The speaker says “If I’ve killed one man, I’ve killed two” which probably means that she has the killed the vampire in her father who drank her blood for a year or tormented her for a year and the second man she has killed is her father himself. Further she emphasizes the killing of her father by describing a scene of a village which would celebrate after a vampire has been killed by stabbing a stake through his heart. By describing such a scene she is probably trying to convey how she is happy now that he is dead because of how strict and authoritarian he was. Her concluding line in the poem is “Daddy, daddy you bastard I’m through” to accentuate her feelings and conclude that she is through with her father and all his memories. Plath, speaker of “Daddy” is obsessed with mortality – her father’s mortality, and her own. When the speaker’s father dies, she sees killing herself as the only way to reunite with her father. She also declares that she has to kill him. This poem explores the paradoxes of death, the afterlife, and reminiscences of the past. After all, “Daddy” is addressed to a dead person. “Daddy” is probably one of Plath’s best poems.

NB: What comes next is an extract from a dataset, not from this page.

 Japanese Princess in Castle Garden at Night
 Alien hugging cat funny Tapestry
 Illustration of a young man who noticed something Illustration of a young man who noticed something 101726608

This poem can be considered partly autobiographical because the “daddy” in the poem is her own father. Psychologically, this poem a medium through which the speaker vents her anger towards her father. On the surface of the poem the speaker hurls abuses at her father and anger can be seen as the main emotion. However on a deeper level “daddy” is the symbolic man who has oppressed women throughout his life. The poem can also be seen as a symbol of war, genocide, atrocities.

Works Cited

Beckmann, Anja. Sylvia Plath Homepage. 16 April. Web. 14 March 2013. Axelrod, Steven. “Sylvia Plath”. The Literary Encyclopedia. 17 September 2003.Web. 14 March, 2013. Steinberg, Peter. Sylvia Plath Info. December 2007.Web.15 March 2013. Academy of American Poets.Poets Org.1996.Web.15 March 2013.